■ **Material supplied**

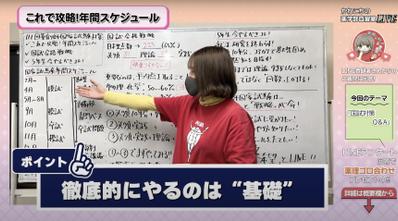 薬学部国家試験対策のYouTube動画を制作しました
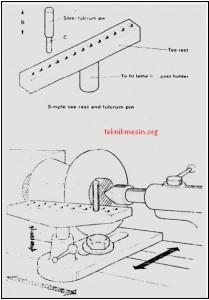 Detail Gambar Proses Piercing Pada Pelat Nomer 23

* * *

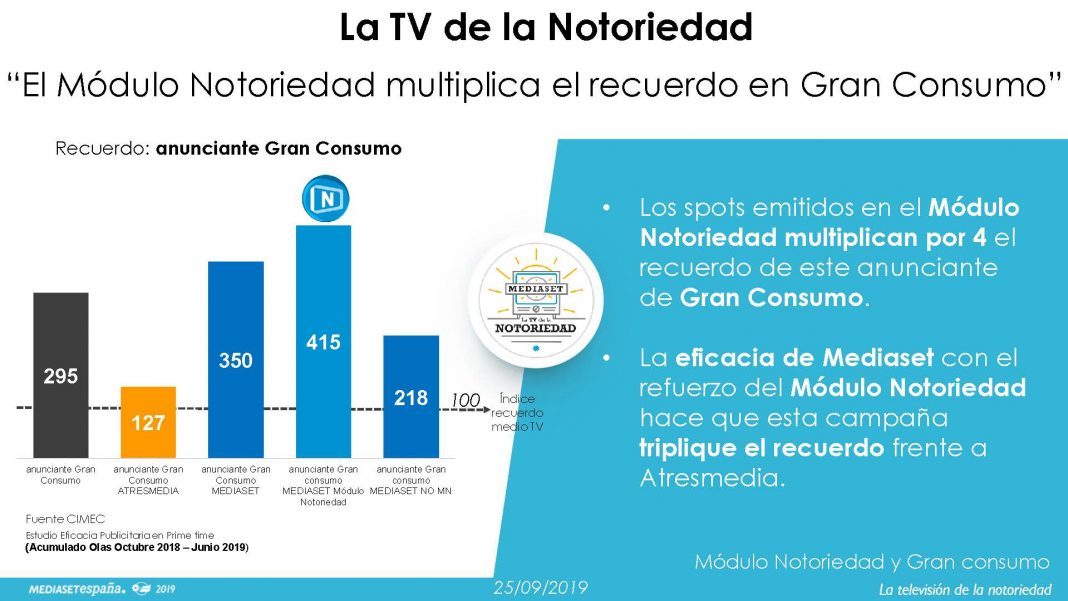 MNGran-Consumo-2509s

...

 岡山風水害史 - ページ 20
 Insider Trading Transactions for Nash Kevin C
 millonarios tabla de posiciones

■ **Required work**
Precisely those lines above that run from the line with "薬学部国家試験対策のYouTube動画を制作しました" up to and including the line with "Detail Gambar Proses" are to be set down, with the pictures omitted.

■ **Reply**
 薬学部国家試験対策のYouTube動画を制作しました
 Detail Gambar Proses Piercing Pada Pelat Nomer 23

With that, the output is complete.